Real estate appraisers appraise real estate and not personal property.

All those annoying calls you might get from appraisers are meant to determine if there is any personal property included in the sale, the presence of seller concessions, and data on the physical condition of the real estate.

Valuation of personal property is best left to machinery and equipment appraisers--different discipline.

Fannie deals with real estate.

Do you think a bank wants to tie a 30-year loan to furniture?
 
There is no special license to appraise personal property. It is not a FIRREA issue. Locally the state board may be able to regulate the actions of someone who professes to appraise personal property. I just appraised some personal property recently and frequently have to add to or adjust out of comps, personal property such as tractors and PTO generators that convey with a poultry farm. I use a Farm Equipment Cost Guide for those.

Condos are typically the only place I see furnishings and if you have furnished and unfurnished units, you may be able to detect a difference by paired sales. It is inexact but some people do list the personal property separately and state a value for those furnishings. It is a lot of research, some of it on-line, or you may be able to get an auctioneer to estimate the market value of personal property.

Typically, Fannie and Freddy only loan on REAL property, therefore, any contribution for furniture comes off the Real estate value. Presents a real PITA for an appraiser. Many appraisers (whether correct or not) therefore tend to lump common furniture as having little or no contributory value.

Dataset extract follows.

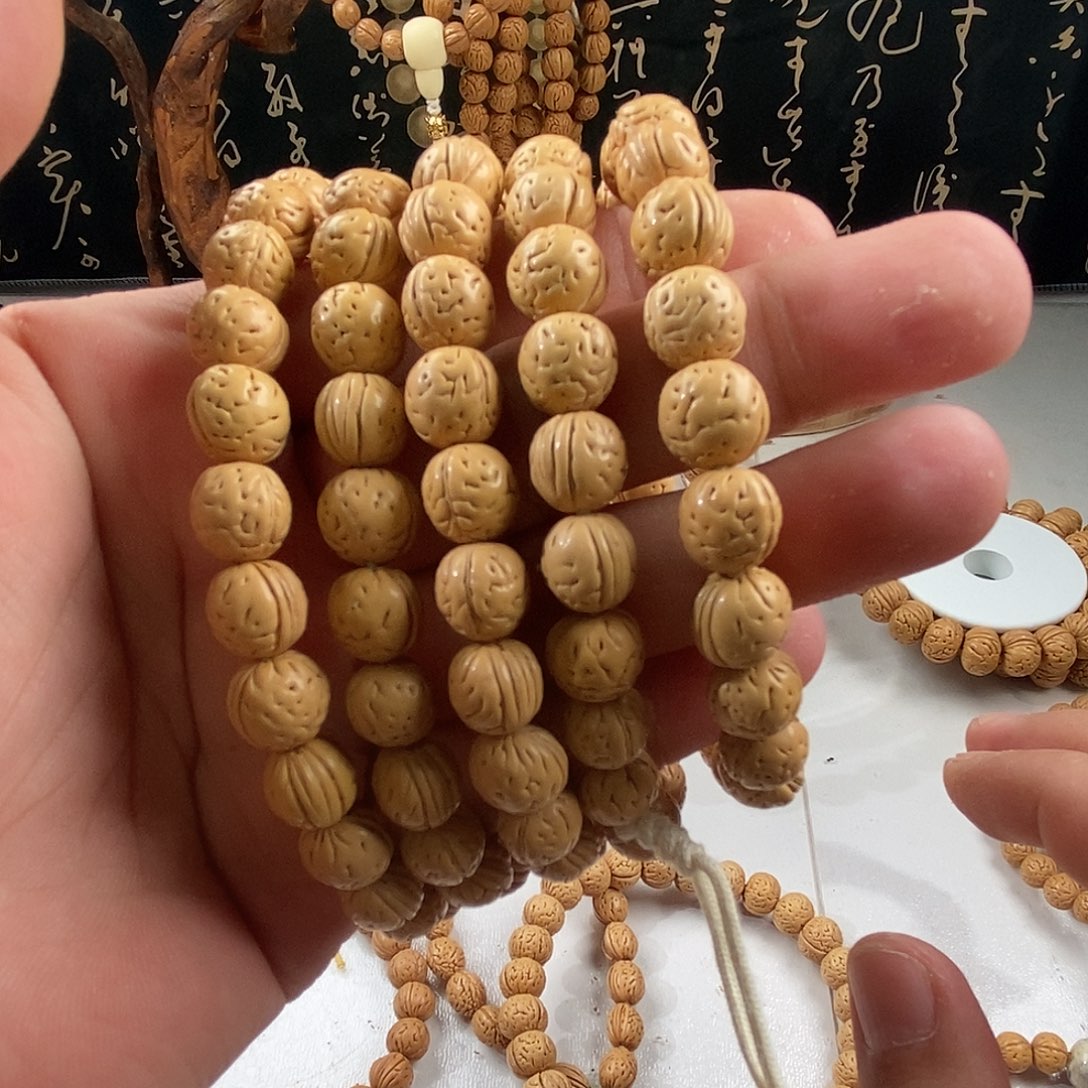 满***红吊坠桃核66666666666666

BTW, typically the stove, and any built in item (dishwasher, compactor, etc.) is considered to be "real" property attached to the property whereas a Refrigerator tends to be called Personal property and most appraisers simply caveat them away... that is, they don't include personal property in the valuation.
 
The real estate has to be valued separately from personal property and most real estate appraisers do not have experience valuing personal property. For a sale, the contract should list all personal property to be included. Mortgage lenders are not making long term real estate mortgage loans on personal property. When you talk about an adjustment, the only adjustment a real estate appraiser should be making is to take the furnishings out of the equation.
 
Furnishings are personal property and are not given value in a Real Estate Appraisal.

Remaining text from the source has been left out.